The challenge then is for 2-1-1 programs to get out of the call-center business and move to making their resource data and their data about users’ needs usable by the whole wide world. Call centers and community-specific data demand a great deal of energy and resources to maintain. With many of the 246 nonprofit 2-1-1 programs across the country, undercapitalized and overburdened, there is little slack available to experiment with new approaches and invest in promising paths. Unfortunately, the largest and best-resourced 2-1-1 providers have the most invested in people and infrastructure for responding to callers, and may have the greatest difficulty moving to the new future. If they lean into these changes, 2-1-1s can survive and thrive, but it’s unclear how providers can raise the capital they need to move to the new model or how they can build a revenue model that will sustain them.

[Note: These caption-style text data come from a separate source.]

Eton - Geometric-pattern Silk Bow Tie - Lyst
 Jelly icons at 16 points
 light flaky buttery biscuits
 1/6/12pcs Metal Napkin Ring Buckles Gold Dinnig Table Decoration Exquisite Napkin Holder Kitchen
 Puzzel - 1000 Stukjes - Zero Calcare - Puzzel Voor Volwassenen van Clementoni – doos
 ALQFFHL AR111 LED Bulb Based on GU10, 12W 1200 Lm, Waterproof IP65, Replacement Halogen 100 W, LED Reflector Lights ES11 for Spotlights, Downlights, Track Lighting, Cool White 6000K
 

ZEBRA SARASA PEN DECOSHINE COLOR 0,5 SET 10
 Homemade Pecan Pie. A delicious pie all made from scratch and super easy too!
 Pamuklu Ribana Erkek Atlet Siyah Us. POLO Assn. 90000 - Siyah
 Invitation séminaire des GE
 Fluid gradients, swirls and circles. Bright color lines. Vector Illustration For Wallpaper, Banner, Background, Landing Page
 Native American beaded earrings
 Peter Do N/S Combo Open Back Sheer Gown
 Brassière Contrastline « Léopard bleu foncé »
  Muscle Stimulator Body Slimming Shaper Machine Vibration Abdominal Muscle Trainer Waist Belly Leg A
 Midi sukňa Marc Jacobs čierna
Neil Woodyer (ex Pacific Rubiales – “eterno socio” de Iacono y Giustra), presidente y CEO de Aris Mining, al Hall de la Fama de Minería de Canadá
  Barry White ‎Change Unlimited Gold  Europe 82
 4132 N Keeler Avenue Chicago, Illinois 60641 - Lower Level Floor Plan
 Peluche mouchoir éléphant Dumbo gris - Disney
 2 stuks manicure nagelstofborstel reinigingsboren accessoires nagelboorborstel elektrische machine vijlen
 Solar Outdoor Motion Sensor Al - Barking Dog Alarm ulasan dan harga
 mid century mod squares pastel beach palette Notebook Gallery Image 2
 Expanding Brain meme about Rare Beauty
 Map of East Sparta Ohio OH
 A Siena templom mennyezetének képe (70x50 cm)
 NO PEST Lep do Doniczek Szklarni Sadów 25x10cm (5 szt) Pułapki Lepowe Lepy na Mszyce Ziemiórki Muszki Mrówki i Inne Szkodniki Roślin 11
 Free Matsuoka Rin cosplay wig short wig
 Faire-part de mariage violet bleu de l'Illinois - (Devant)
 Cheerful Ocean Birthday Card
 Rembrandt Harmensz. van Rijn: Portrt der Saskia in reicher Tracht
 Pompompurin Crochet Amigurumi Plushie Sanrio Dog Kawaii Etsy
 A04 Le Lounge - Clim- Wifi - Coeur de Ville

So what’s the business of 2-1-1? Just as trains are to transportation, voice calls and call centers are to 2-1-1 information and referral services. Thinking more broadly, the business of 2-1-1 is to organize information about people’s needs and the resources available to meet those needs; deliver that information to people in a way that’s relevant to their needs; and inform funders, policymakers, community leaders, and other stakeholders about what people need to support system change.

The good news is that providers can accomplish a lot of this by letting others do the work—by pushing information to end users, or using APIs to put it at the fingertips of doctors, nurses, and teachers, in their own systems. By opening up in this way, 2-1-1 can greatly expand its impact and potentially develop new revenue streams. Ironically, appearing to turn away from live voice service and from well-trained specialists may be the only way to save a very powerful but undervalued service.

The core mode of delivery for many social sector organizations—particularly health and human services for low-income people—has so far been somewhat insulated from technology disruption, but the generational shift in consumer expectations and information-seeking behavior (paired with the increasing power and affordability of data mining and sharing) is upon us and demanding a response. Services such as 2-1-1 must fundamentally change how they operate if they want to avoid obsolescence, and the well being of millions of vulnerable people around the world depends on it.